**AIM OF THE EXERCISE**
I need an exact copy of the lines from the one containing "1993 playboy judi" through the end of the records, without any pictures.

**Collection entries**
※ ※ ※

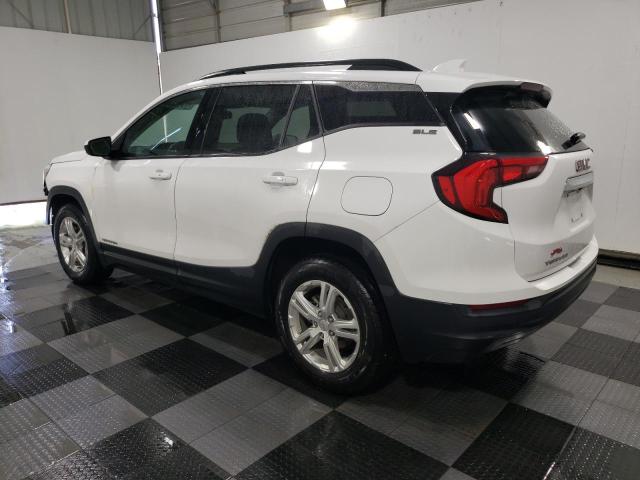 Photo 2 from auction – 2019 GMC TERRAIN SL with VIN 3GKALMEV7KL322698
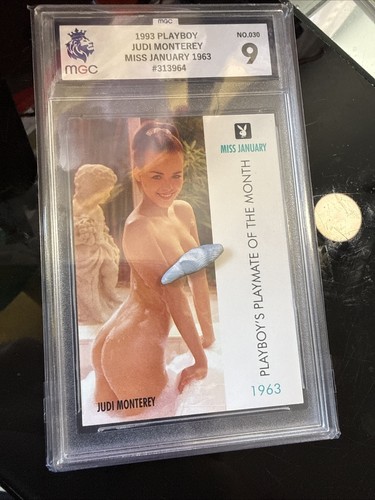 1993 playboy judi monterey - playboy,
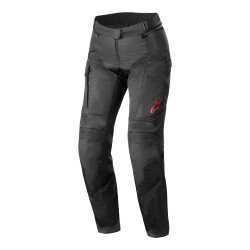 Alpinestars Stella Andes Air Drystar Korumalı Kadın Motosiklet Pantolonu Siyah - Alpinestars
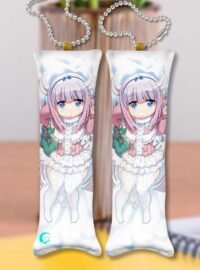 カンナカムイ ミニ抱き枕キーホルダー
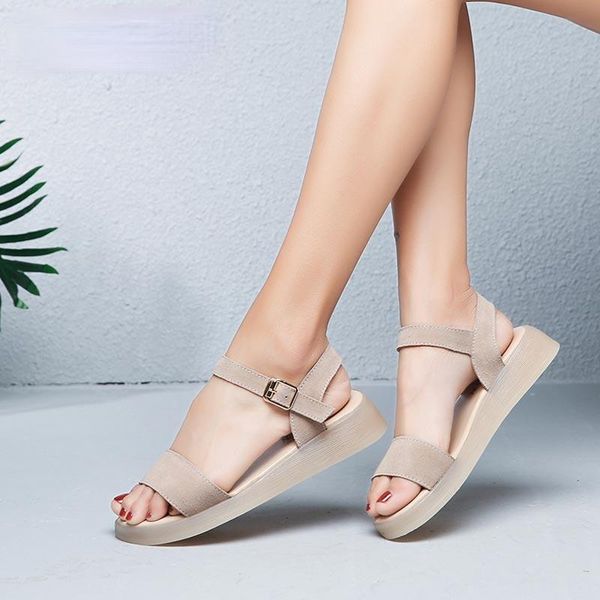 sandals valstone quality women's anti-skid summer casual shoes outdoor wear-resisting female fashion soft comfortable, Black
sandals valstone quality women's anti-skid summer casual shoes outdoor wear-resisting female fashion soft comfortable, Black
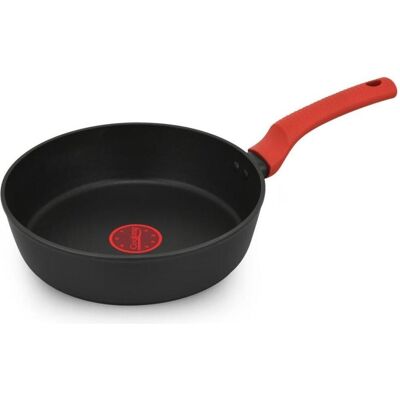 Heinner HR-MRK-AC24, Poêle + casserole, Argent - Publicité Heinner HR-MRK-AC24, Poêle + casserole, Argent - Publicité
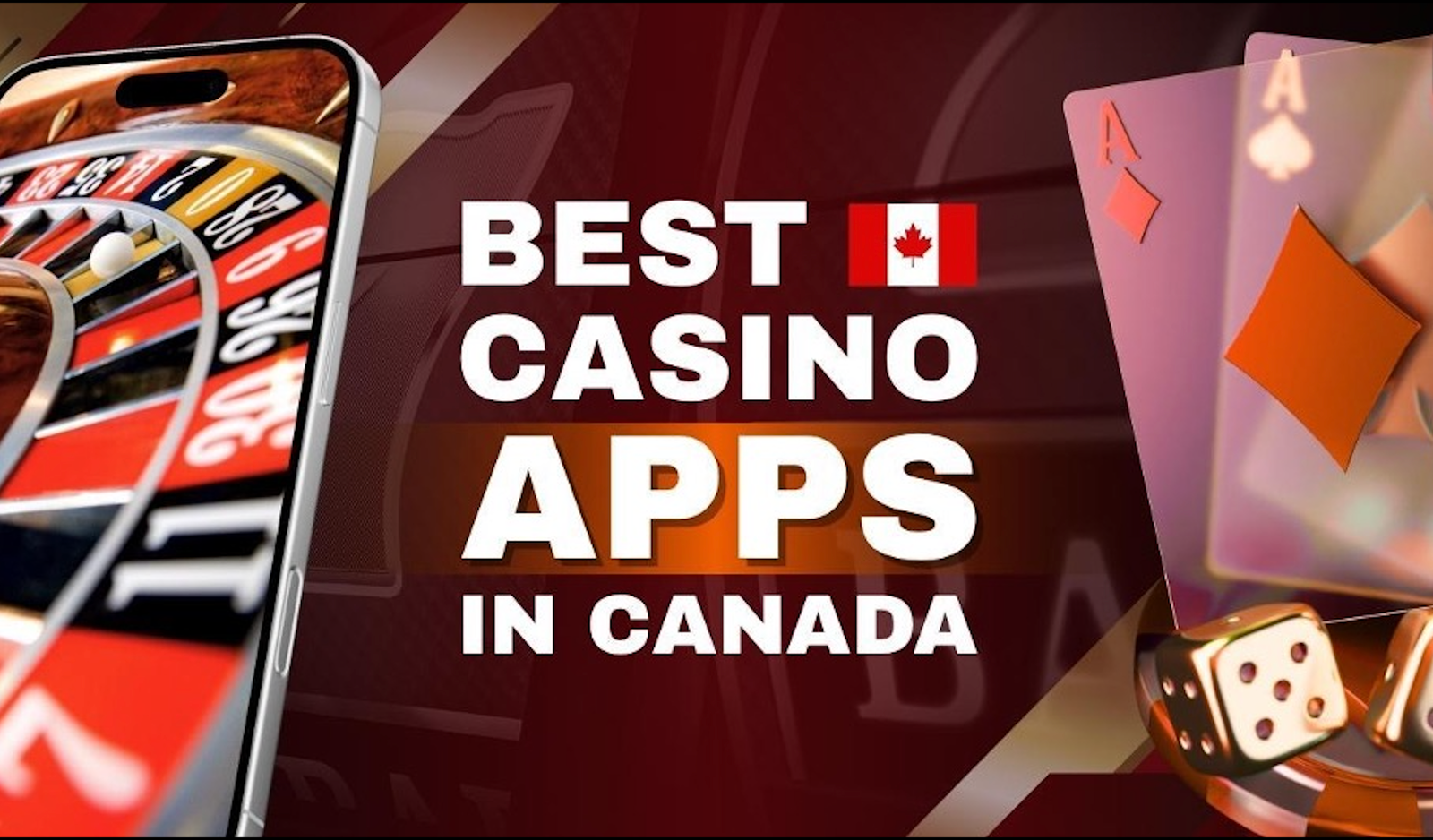 10 Best Casino Apps in Canada – Top Canadian Mobile Casinos for iOS & Android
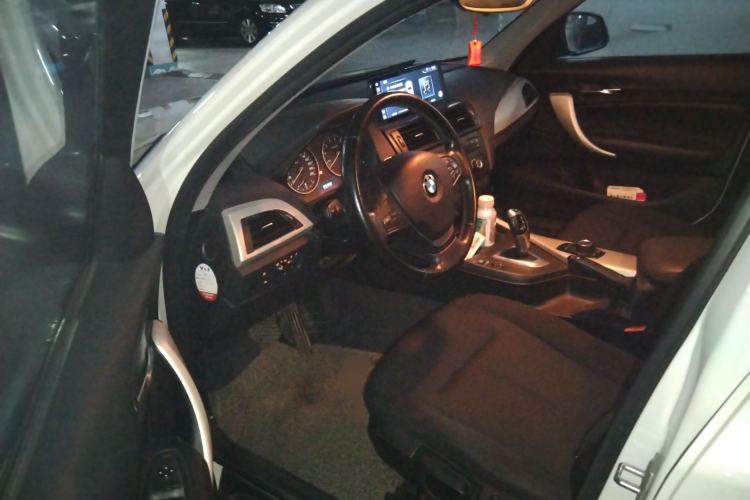Used BMW 1 Series 2012 116i Leading Model Driver Seat
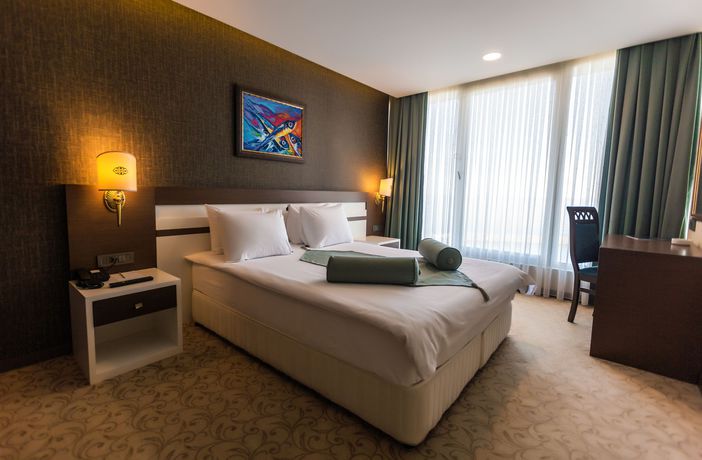 Imagen de la habitación del Hotel Tilya Resort. Foto 8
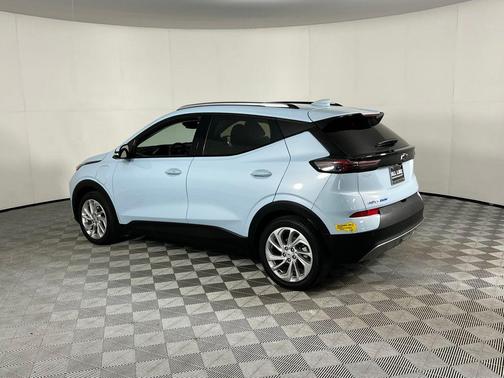 2022 Chevrolet Bolt EUV FWD LT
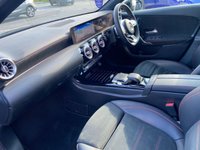 USED 2019 69 MERCEDES-BENZ A-CLASS 1.3 A 200 AMG LINE PREMIUM PLUS 4d 161 BHP ** RAC BUYSURE INSPECTED **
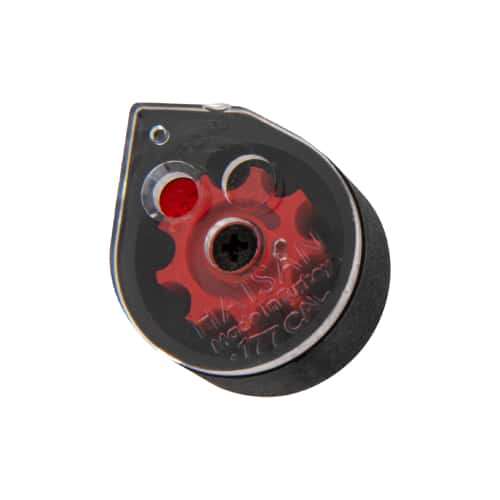 Hatsan jet ii pcp air pistol black 5.5mm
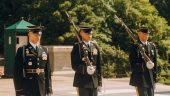 Arlington Cemetery Tour and Changing of the Guard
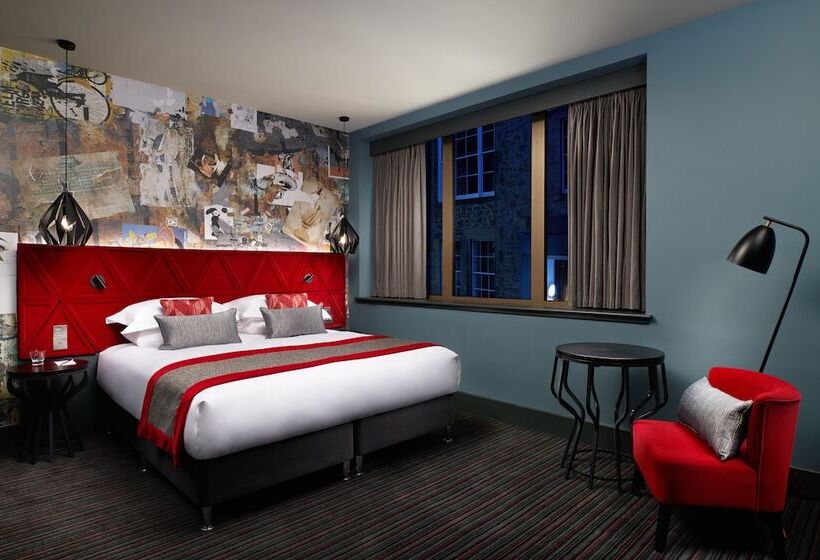 اتاق استاندارد, Malmaison Edinburgh City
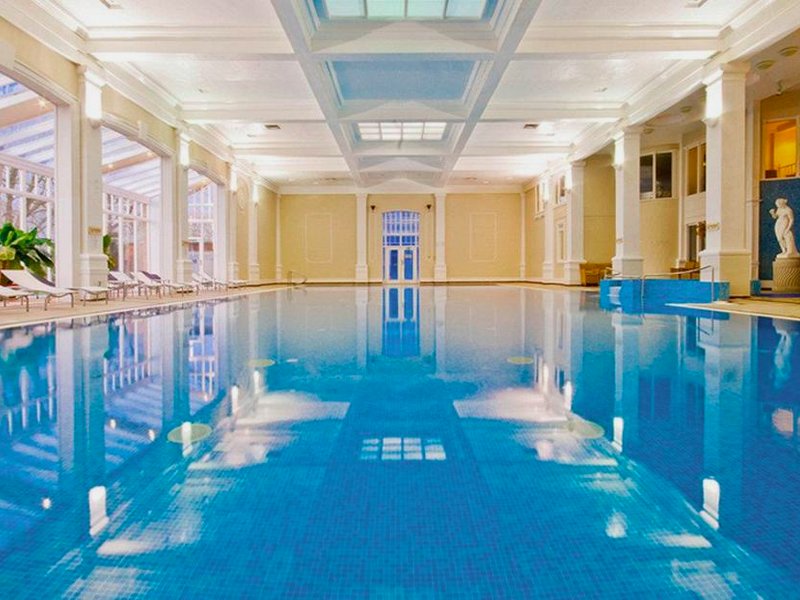 チャンプニーズ ヘンロウ ホテル (Champneys Henlow Hotel)の写真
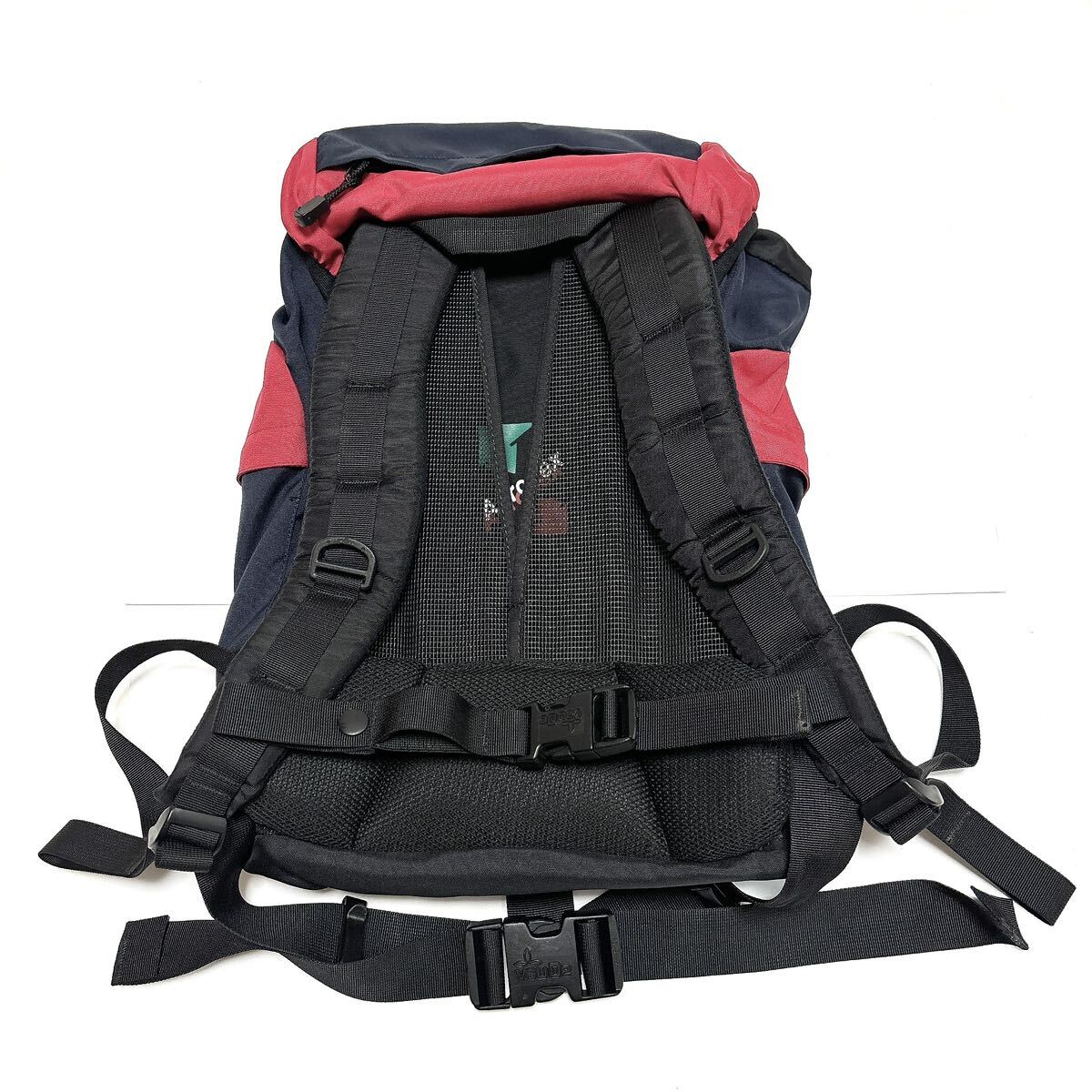 vaude ファウデ 登山用リュック バックパック リュックサック alp色_画像6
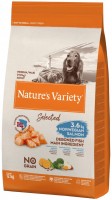 Photos - Dog Food Natures Variety Adult Med/Max Selected Salmon 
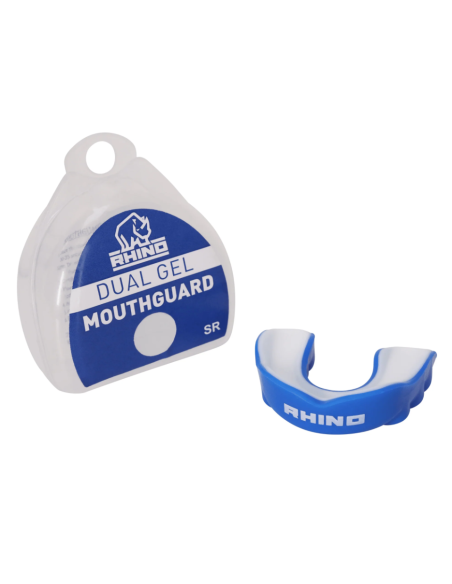 Protector bucal DUO GEL (Rhino)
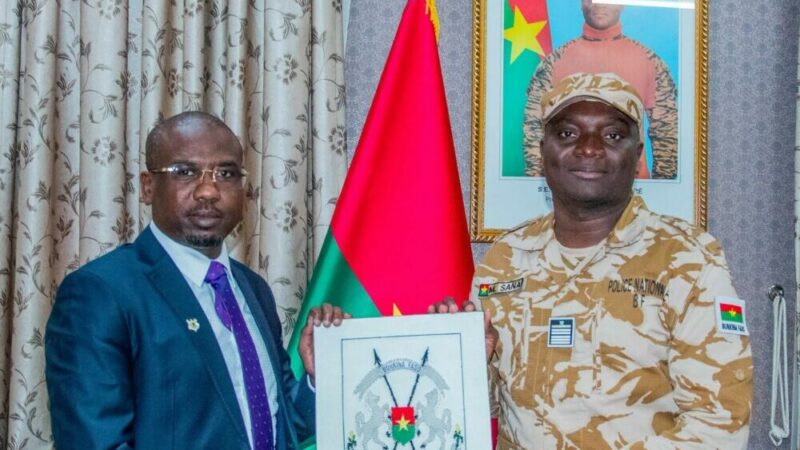 Tchad et Burkina Faso : une alliance stratégique contre le terrorisme au Sahel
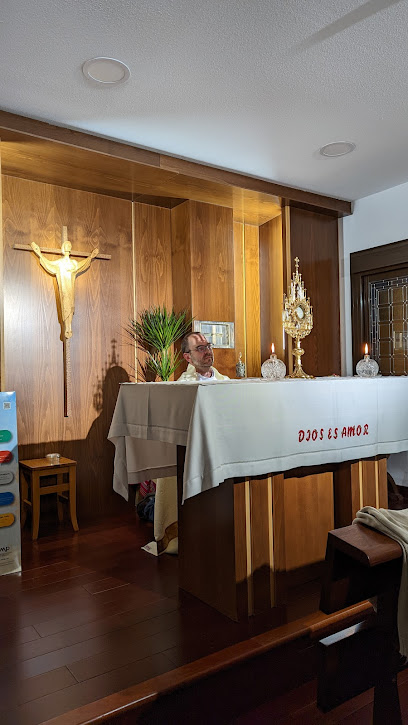 Delegación Episcopal de Misiones de Madrid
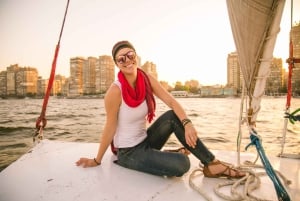 El Cairo: tour privado al Gran Museo Egipcio y las pirámides de Guiza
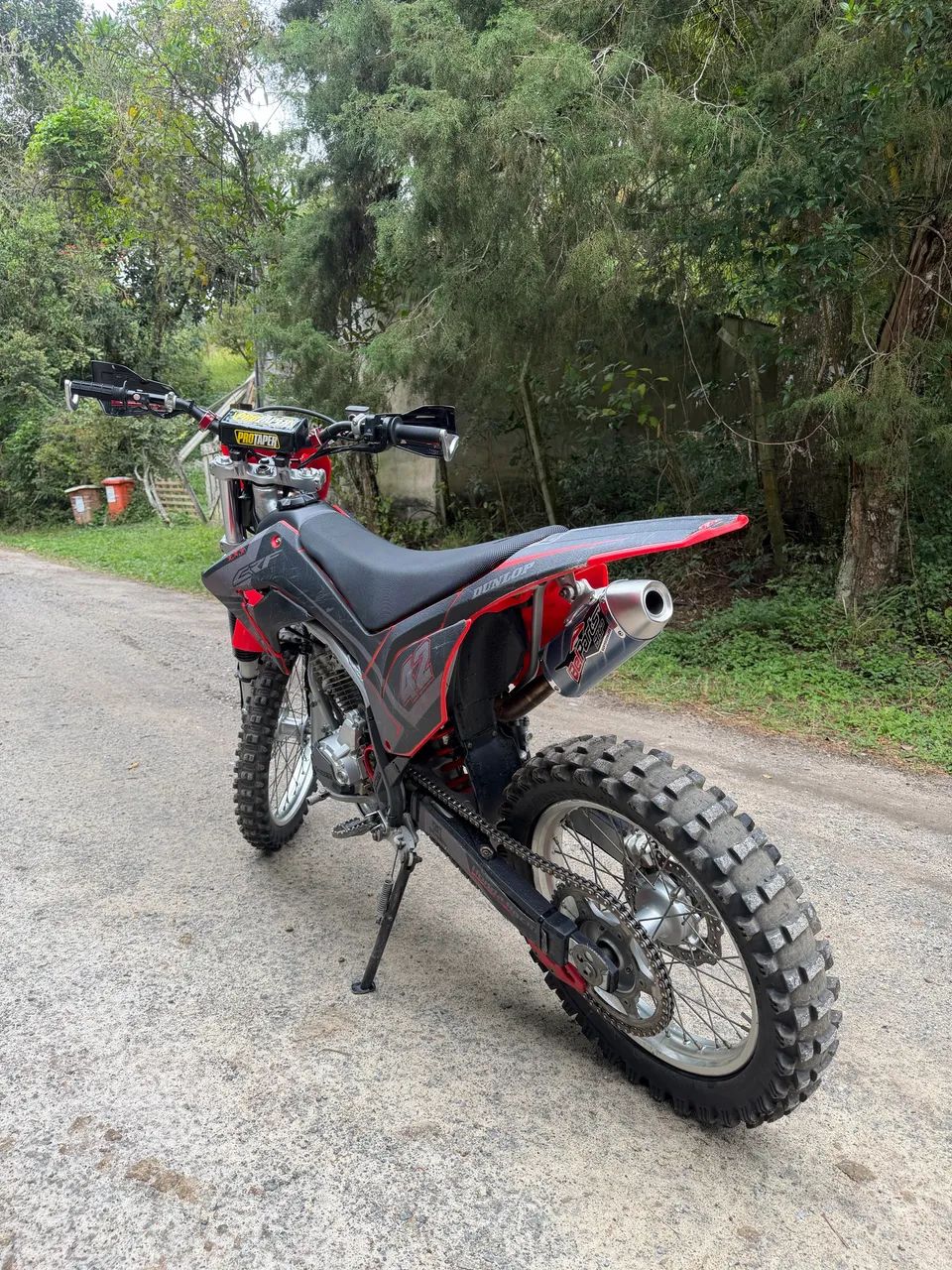 Crf 250f 2022 - Foto 3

※ ※ ※

**RESULT FOR THIS TASK**
 1993 playboy judi monterey - playboy,
 Alpinestars Stella Andes Air Drystar Korumalı Kadın Motosiklet Pantolonu Siyah - Alpinestars
 カンナカムイ ミニ抱き枕キーホルダー
 sandals valstone quality women's anti-skid summer casual shoes outdoor wear-resisting female fashion soft comfortable, Black
sandals valstone quality women's anti-skid summer casual shoes outdoor wear-resisting female fashion soft comfortable, Black
 Heinner HR-MRK-AC24, Poêle + casserole, Argent - Publicité Heinner HR-MRK-AC24, Poêle + casserole, Argent - Publicité
 10 Best Casino Apps in Canada – Top Canadian Mobile Casinos for iOS & Android
Used BMW 1 Series 2012 116i Leading Model Driver Seat
 Imagen de la habitación del Hotel Tilya Resort. Foto 8
 2022 Chevrolet Bolt EUV FWD LT
 USED 2019 69 MERCEDES-BENZ A-CLASS 1.3 A 200 AMG LINE PREMIUM PLUS 4d 161 BHP ** RAC BUYSURE INSPECTED **
 Hatsan jet ii pcp air pistol black 5.5mm
 Arlington Cemetery Tour and Changing of the Guard
 اتاق استاندارد, Malmaison Edinburgh City
 チャンプニーズ ヘンロウ ホテル (Champneys Henlow Hotel)の写真
 vaude ファウデ 登山用リュック バックパック リュックサック alp色_画像6
 Photos - Dog Food Natures Variety Adult Med/Max Selected Salmon 
 Protector bucal DUO GEL (Rhino)
 Tchad et Burkina Faso : une alliance stratégique contre le terrorisme au Sahel
 Delegación Episcopal de Misiones de Madrid
 El Cairo: tour privado al Gran Museo Egipcio y las pirámides de Guiza
 Crf 250f 2022 - Foto 3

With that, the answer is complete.